▸ What needs to be done: The lines below must be transcribed exactly as given, with the images removed.

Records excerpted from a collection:
[Start of Attachment]

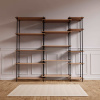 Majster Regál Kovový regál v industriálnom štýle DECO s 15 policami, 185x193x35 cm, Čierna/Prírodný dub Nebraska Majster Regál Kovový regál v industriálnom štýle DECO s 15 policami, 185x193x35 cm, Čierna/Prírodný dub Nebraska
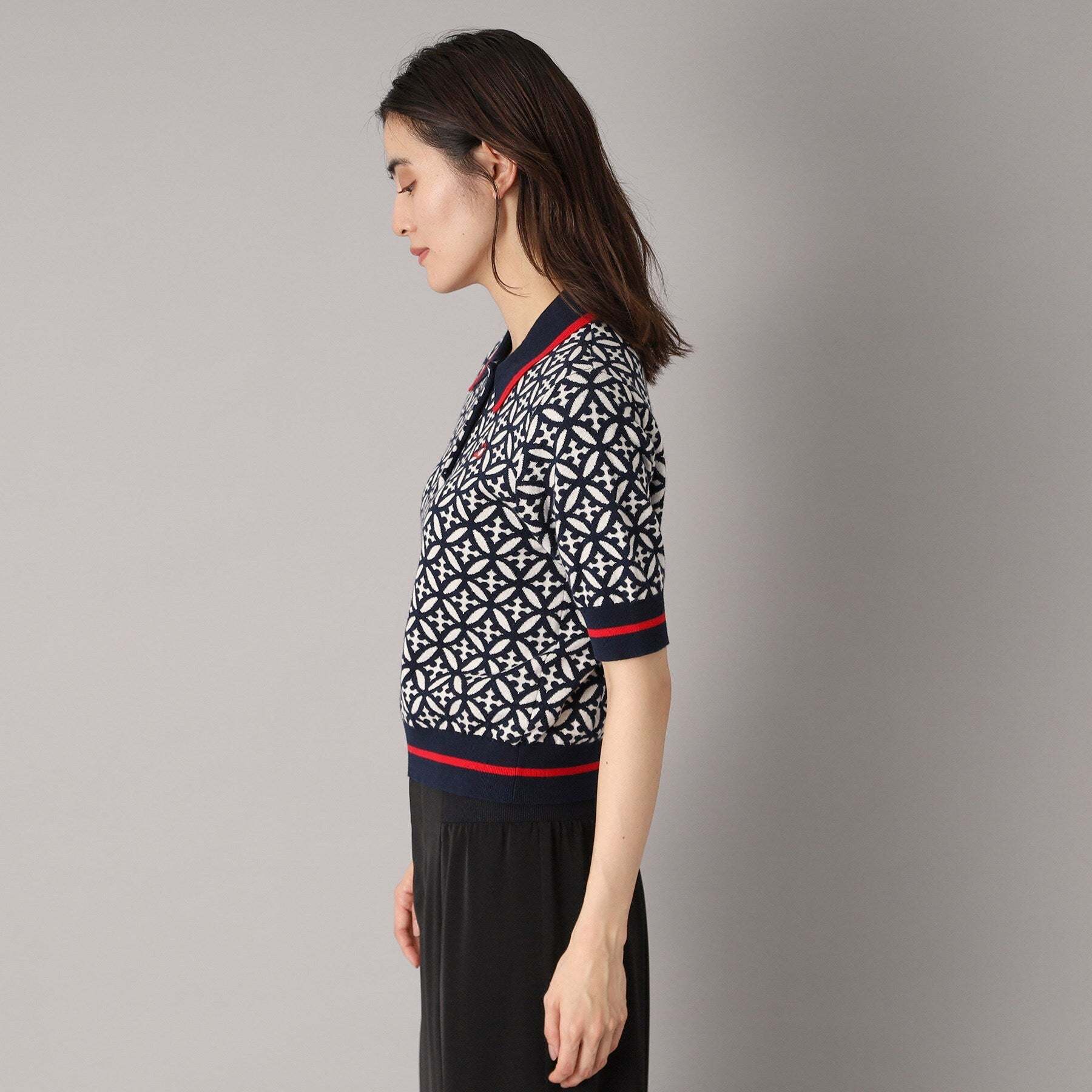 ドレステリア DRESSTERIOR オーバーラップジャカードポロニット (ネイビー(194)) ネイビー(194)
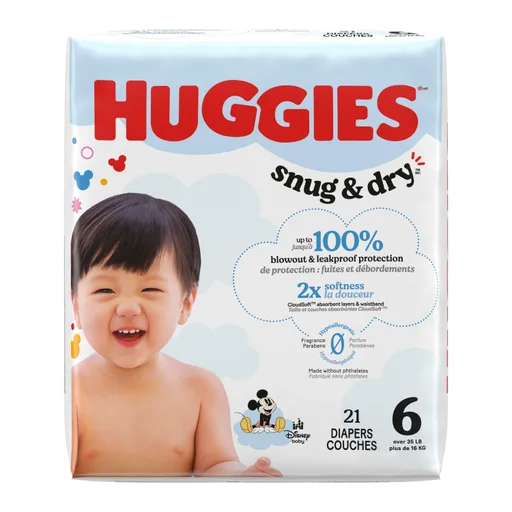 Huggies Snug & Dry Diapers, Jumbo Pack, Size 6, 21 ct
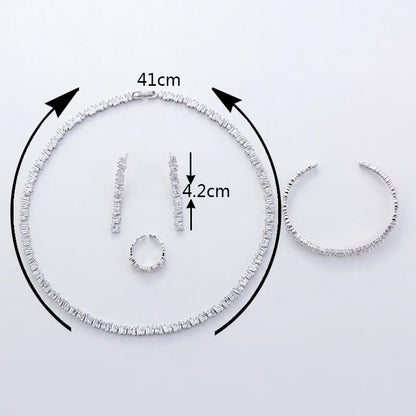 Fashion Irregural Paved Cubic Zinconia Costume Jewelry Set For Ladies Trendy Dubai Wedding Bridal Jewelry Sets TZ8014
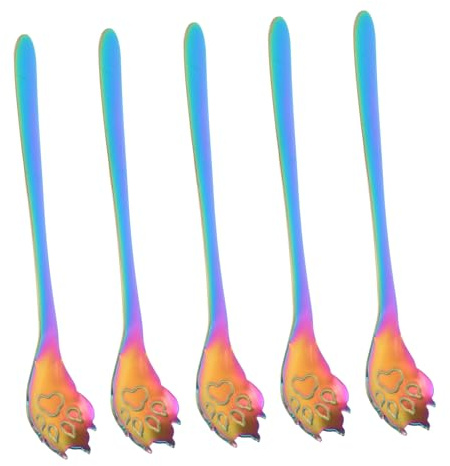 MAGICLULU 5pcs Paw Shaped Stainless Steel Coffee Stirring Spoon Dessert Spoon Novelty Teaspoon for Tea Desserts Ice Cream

[End of Attachment]

▸ Response to the task:
 Majster Regál Kovový regál v industriálnom štýle DECO s 15 policami, 185x193x35 cm, Čierna/Prírodný dub Nebraska Majster Regál Kovový regál v industriálnom štýle DECO s 15 policami, 185x193x35 cm, Čierna/Prírodný dub Nebraska
 ドレステリア DRESSTERIOR オーバーラップジャカードポロニット (ネイビー(194)) ネイビー(194)
 Huggies Snug & Dry Diapers, Jumbo Pack, Size 6, 21 ct
 Fashion Irregural Paved Cubic Zinconia Costume Jewelry Set For Ladies Trendy Dubai Wedding Bridal Jewelry Sets TZ8014
 MAGICLULU 5pcs Paw Shaped Stainless Steel Coffee Stirring Spoon Dessert Spoon Novelty Teaspoon for Tea Desserts Ice Cream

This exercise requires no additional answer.